Angriff in Syrien: Menschen erstickten an Nervengift

5.4.2017, 14:30 Uhr
Ein von der "Syria Civil Defence" (Weißhelme) zur Verfügung gestelltes Foto zeigt einen freiwilligen Helfer, der ein Opfer eines mutmaßlichen Giftgasangriffs in Chan Scheichun versorgt.

© Syria Civil Defence/ZUMA/dpa Ein von der "Syria Civil Defence" (Weißhelme) zur Verfügung gestelltes Foto zeigt einen freiwilligen Helfer, der ein Opfer eines mutmaßlichen Giftgasangriffs in Chan Scheichun versorgt.

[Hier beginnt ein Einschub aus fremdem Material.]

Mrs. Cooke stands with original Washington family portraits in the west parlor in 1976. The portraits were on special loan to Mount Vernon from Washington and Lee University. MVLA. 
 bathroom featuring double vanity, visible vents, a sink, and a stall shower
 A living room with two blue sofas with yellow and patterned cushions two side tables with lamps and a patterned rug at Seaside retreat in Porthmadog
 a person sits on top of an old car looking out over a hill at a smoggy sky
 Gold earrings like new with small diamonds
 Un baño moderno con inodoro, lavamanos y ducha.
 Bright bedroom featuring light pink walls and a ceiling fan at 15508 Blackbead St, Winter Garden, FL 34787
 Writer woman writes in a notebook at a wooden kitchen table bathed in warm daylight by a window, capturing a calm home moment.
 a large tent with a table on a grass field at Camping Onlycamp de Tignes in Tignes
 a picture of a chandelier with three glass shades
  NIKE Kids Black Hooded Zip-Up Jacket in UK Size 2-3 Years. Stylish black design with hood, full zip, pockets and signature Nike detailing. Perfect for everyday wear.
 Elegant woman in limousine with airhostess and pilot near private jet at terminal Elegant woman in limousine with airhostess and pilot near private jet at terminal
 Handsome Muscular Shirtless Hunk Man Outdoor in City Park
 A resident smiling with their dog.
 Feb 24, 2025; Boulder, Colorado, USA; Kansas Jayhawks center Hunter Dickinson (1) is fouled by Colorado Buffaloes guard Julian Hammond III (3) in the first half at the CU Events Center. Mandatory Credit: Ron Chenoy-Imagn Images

Wie die WHO in Genf mitteilte, zeigten die Opfer typische Symptome, die bei Kontakt mit Chemiewaffen auftreten. Bei einigen Opfern deuten die Symptome demnach auf den Einsatz "phosphororganischer Chemikalien" hin, zu denen auch die sogenannten Nervenkampfstoffe gehören.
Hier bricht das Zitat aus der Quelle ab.